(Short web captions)

:::

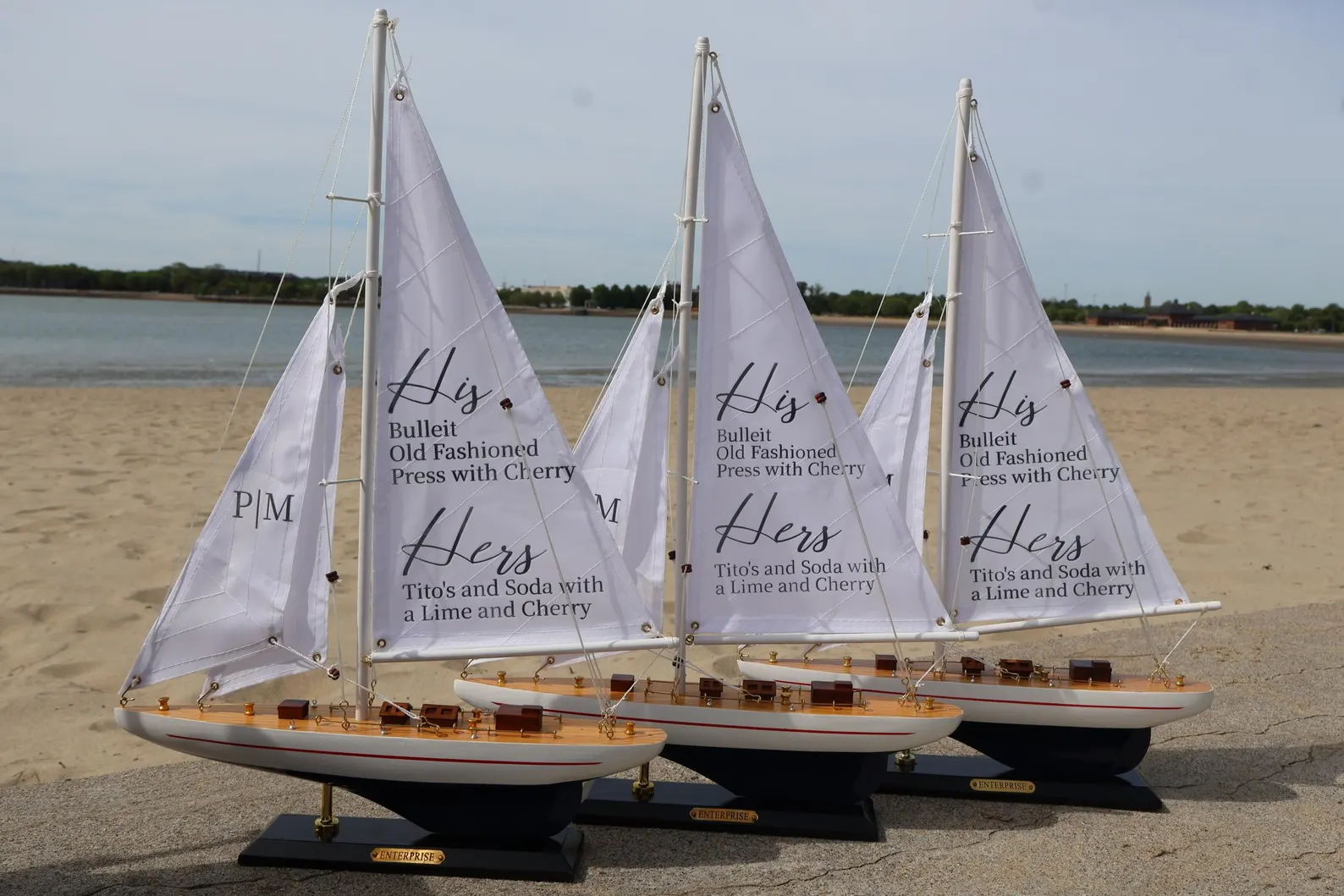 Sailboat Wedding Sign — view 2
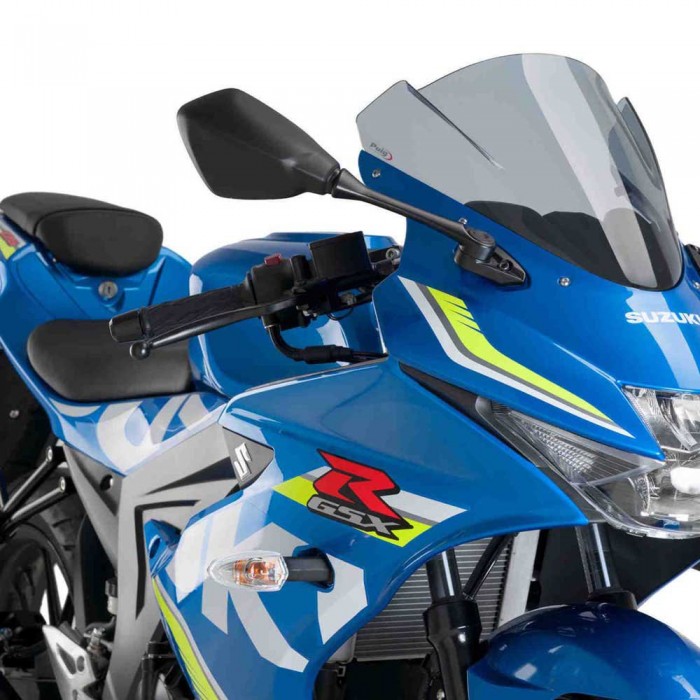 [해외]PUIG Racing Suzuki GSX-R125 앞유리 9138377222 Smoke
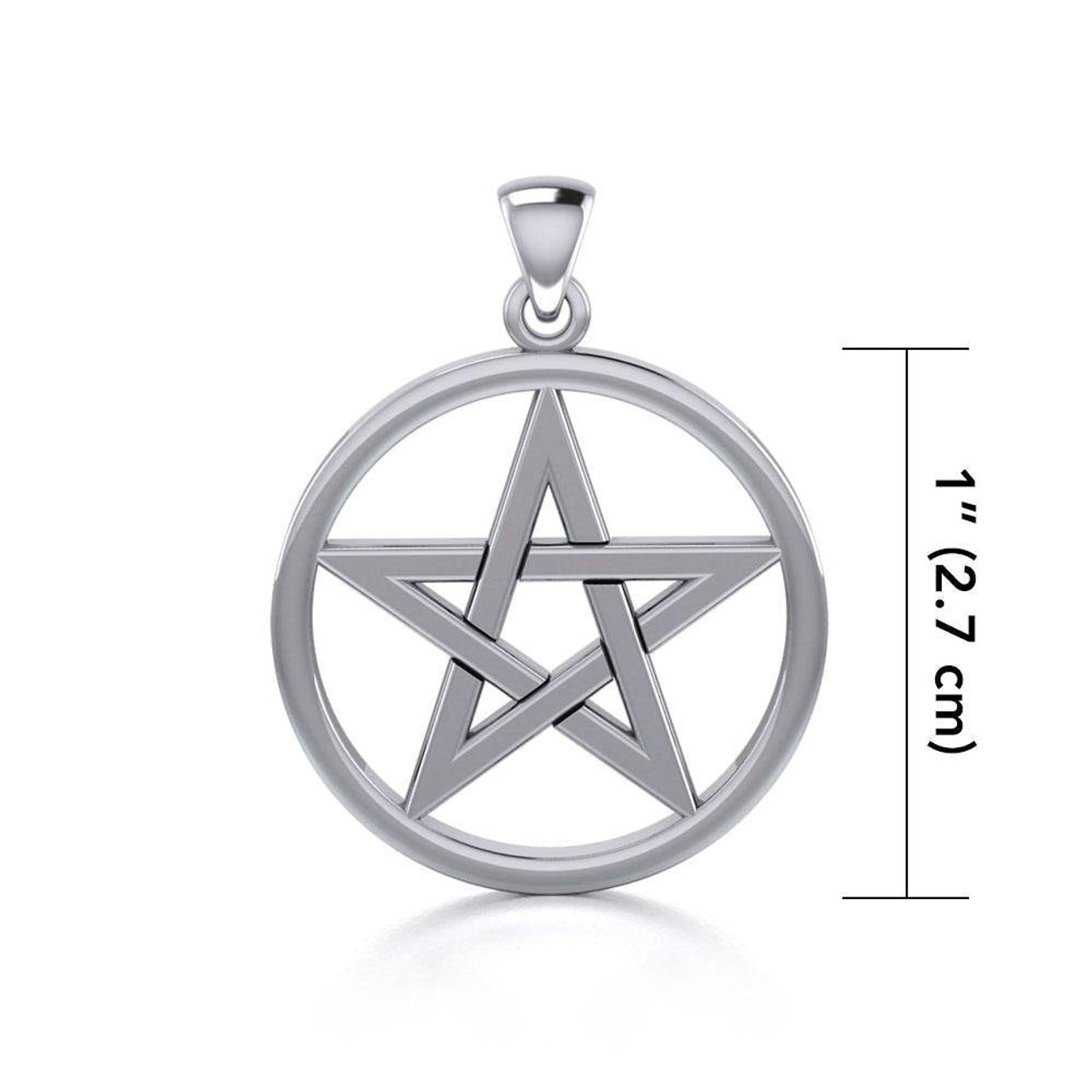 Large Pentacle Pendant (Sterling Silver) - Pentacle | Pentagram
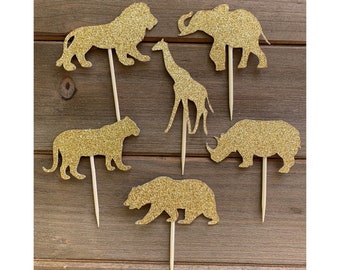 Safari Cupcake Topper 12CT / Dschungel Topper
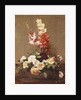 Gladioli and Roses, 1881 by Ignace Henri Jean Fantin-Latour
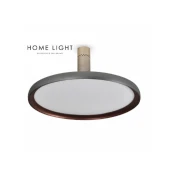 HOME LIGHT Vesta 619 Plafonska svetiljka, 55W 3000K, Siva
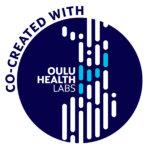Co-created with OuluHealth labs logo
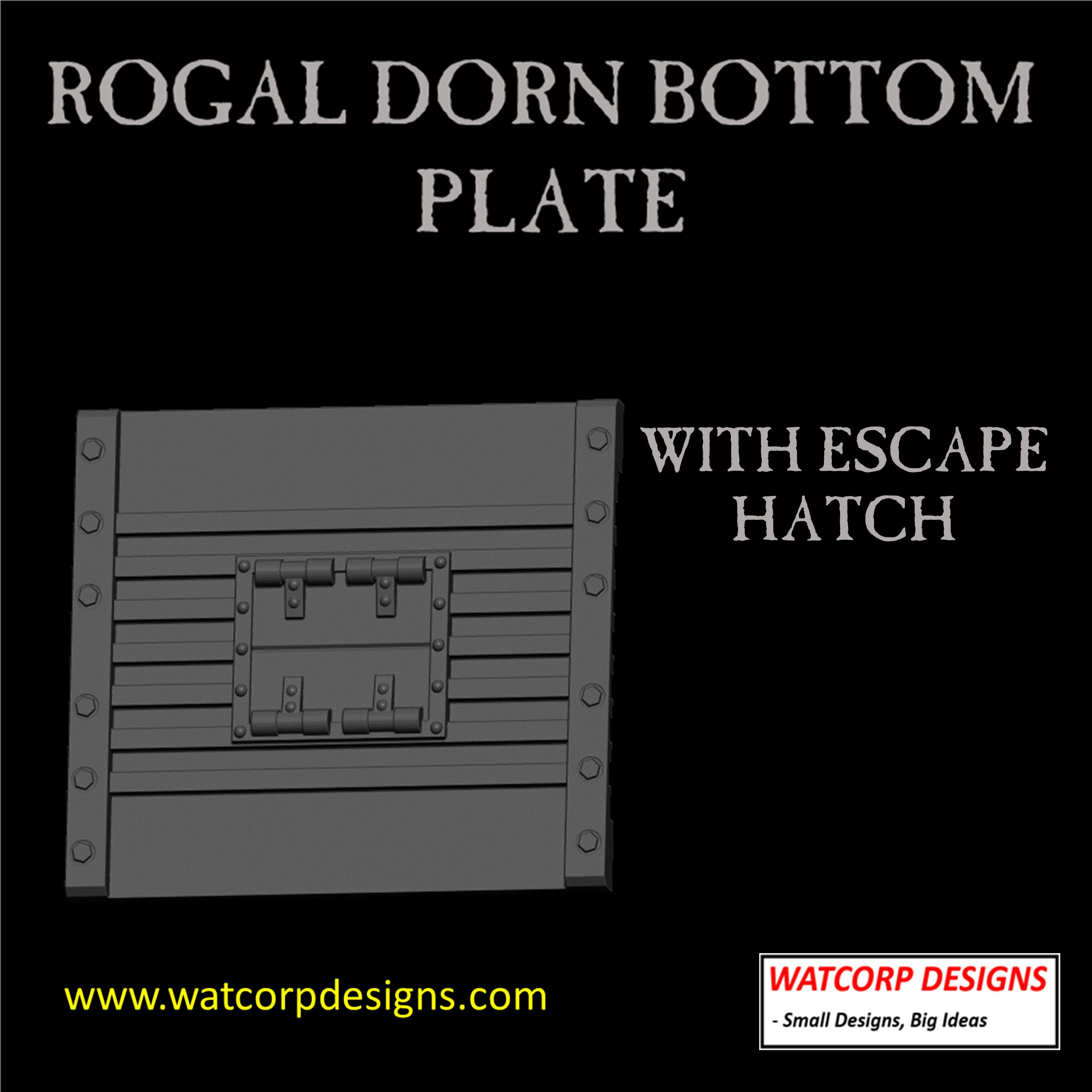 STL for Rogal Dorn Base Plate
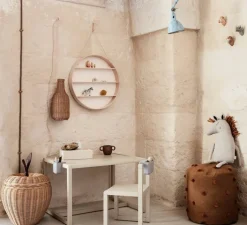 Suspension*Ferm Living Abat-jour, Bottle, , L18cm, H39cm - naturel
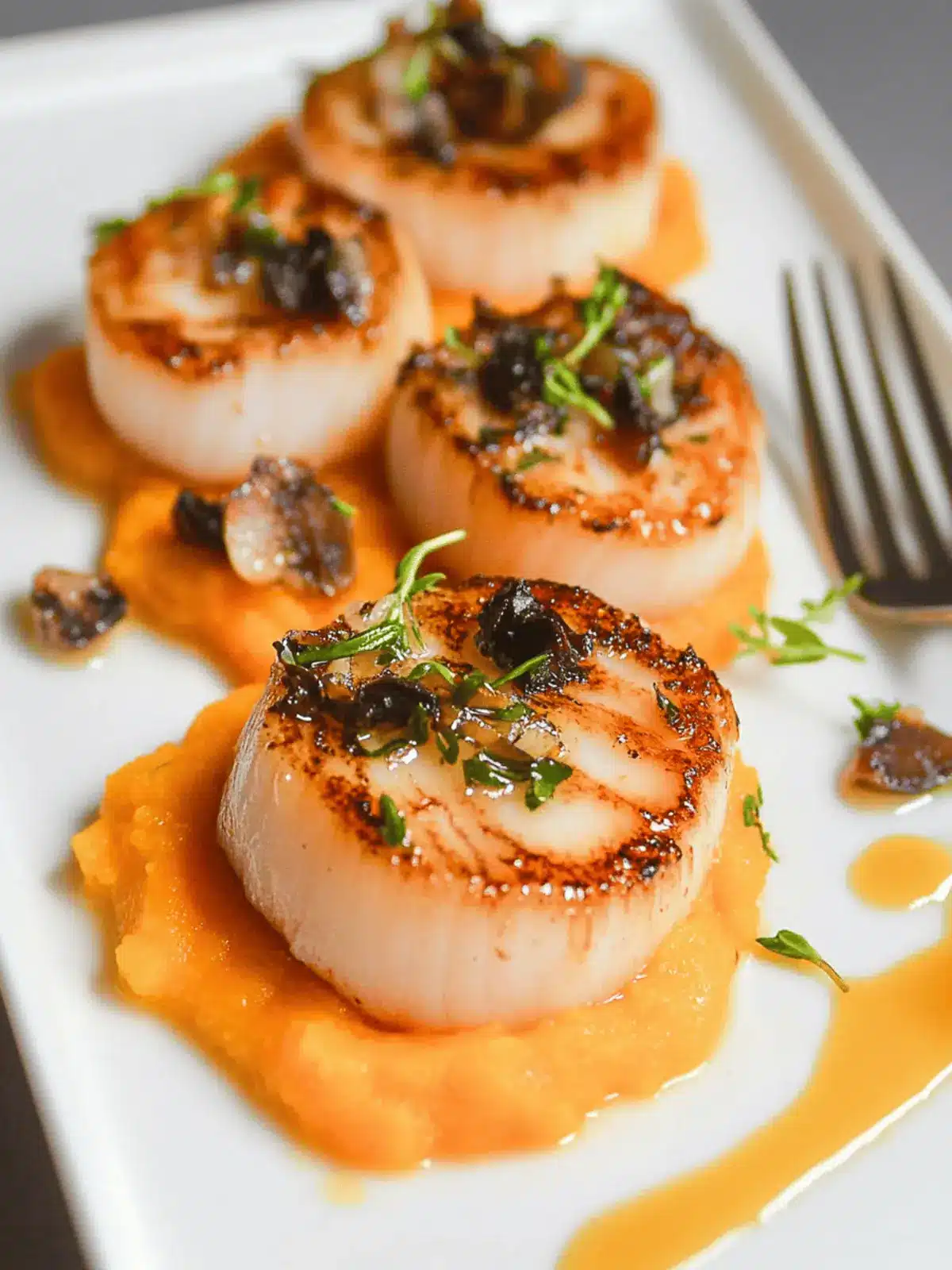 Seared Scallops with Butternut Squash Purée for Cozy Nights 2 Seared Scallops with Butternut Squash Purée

:::

> _Task to carry out_: Please output exactly the lines from the line containing "Suspension*Ferm Living Abat-jour, Bottle, , L18cm, H39cm" through the last line of the records above, both included, and leave out any pictures.

> _Exercise solution_:
 Suspension*Ferm Living Abat-jour, Bottle, , L18cm, H39cm - naturel
 Seared Scallops with Butternut Squash Purée for Cozy Nights 2 Seared Scallops with Butternut Squash Purée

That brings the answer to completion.